"Don't ignore a persistent cough"
Figures reveal that people in the South of England are unaware of symptoms of lung cancer
Almost 24,000 people a year in England receive a lung cancer diagnosis when the disease is at a late stage – only around 15 per cent of cases are diagnosed at the earliest stage, when treatment is most likely to be successful.
The next phase of the NHS Be Clear on Cancer campaign launches today to drive awareness of the signs and symptoms of lung cancer and to encourage people with a persistent cough to see their GP early.

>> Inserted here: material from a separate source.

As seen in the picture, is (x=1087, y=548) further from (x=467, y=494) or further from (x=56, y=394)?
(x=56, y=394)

Lung cancer is currently England's biggest cancer killer, causing around 28,000 deaths each year, with 6,829 cases in the South of England . Those diagnosed at the earliest stage are five times more likely to survive lung cancer for at least five years than those diagnosed at a late stage.
One of the reasons behind the South of England’s low early diagnosis rate is the public’s lack of awareness about the disease and its symptoms. New survey data shows:
Almost three quarters, 74% of people in the South of England are unaware that lung cancer is England’s biggest cancer killer;
Despite the fact that lung cancer is most common in people aged over 50, 25% of people in South England think that all age groups are equally at risk of lung cancer; and
49% of people are unaware that a cough that has lasted three weeks or more is a potential symptom of lung cancer.

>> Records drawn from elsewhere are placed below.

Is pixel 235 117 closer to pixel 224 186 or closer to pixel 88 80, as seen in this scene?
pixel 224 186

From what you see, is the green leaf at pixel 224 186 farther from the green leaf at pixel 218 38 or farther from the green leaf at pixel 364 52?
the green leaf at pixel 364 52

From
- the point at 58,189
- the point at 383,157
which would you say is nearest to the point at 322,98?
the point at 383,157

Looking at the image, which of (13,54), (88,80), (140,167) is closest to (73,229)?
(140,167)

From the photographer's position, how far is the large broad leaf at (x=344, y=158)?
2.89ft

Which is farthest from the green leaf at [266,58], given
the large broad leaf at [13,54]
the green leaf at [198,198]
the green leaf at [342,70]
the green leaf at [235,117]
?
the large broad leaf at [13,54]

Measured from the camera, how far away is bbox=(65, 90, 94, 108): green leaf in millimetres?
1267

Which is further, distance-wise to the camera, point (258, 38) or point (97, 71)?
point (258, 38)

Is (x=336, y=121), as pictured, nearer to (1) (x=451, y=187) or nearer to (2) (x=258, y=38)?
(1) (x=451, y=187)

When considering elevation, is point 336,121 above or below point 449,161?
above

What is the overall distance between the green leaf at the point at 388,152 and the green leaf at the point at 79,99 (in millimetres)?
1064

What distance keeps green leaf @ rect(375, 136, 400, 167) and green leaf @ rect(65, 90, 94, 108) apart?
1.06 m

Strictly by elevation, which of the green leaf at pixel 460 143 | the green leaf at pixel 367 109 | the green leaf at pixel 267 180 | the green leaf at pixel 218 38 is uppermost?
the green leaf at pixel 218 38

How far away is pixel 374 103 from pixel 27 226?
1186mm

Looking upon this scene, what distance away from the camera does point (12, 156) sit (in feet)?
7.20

The Be Clear on Cancer campaign, which first ran in summer 2012, aims to make people aware of the symptoms of lung cancer and encourage them to visit their GP if they have had a cough for three weeks or more.
Jenny Harries, Regional Director of Public Health for the South of England said:
“The figures from the South of England show that more needs to be done to raise awareness of the signs of lung cancer and ultimately save more lives.

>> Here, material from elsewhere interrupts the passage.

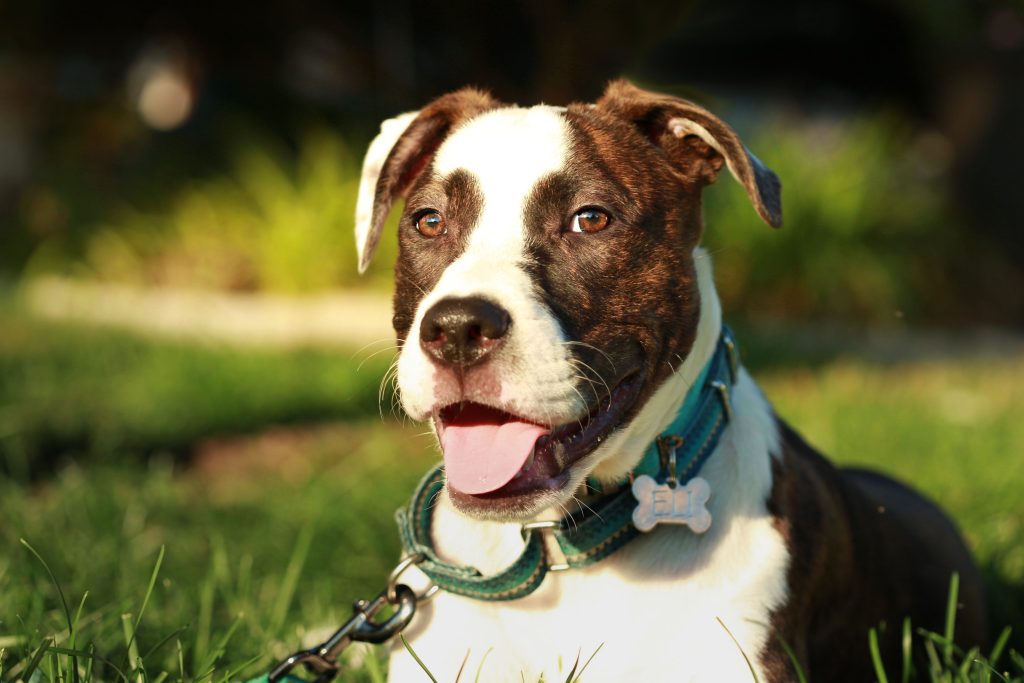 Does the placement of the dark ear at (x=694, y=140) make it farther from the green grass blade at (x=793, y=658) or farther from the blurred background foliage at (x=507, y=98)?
the blurred background foliage at (x=507, y=98)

“Results from previous activity in the South are really encouraging but awareness levels of a persistent cough as a symptom of lung cancer are still low. Only by increasing awareness of potential symptoms, and encouraging people to visit their doctor sooner rather than later, will we see the number of early diagnoses, and people surviving the disease, start to rise.”
Sean Duffy, National Clinical Director for Cancer at NHS England said:
“Awareness campaigns like this are especially important in getting people with potential symptoms into doctors’ surgeries. During the regional pilot, trusts saw a 14% increase in lung cancer cases diagnosed compared with a year earlier.
“However, more needs to be done for our survival rates to be as good as the best in Europe. If they were, it is estimated that around 1,300 deaths could be avoided each year.”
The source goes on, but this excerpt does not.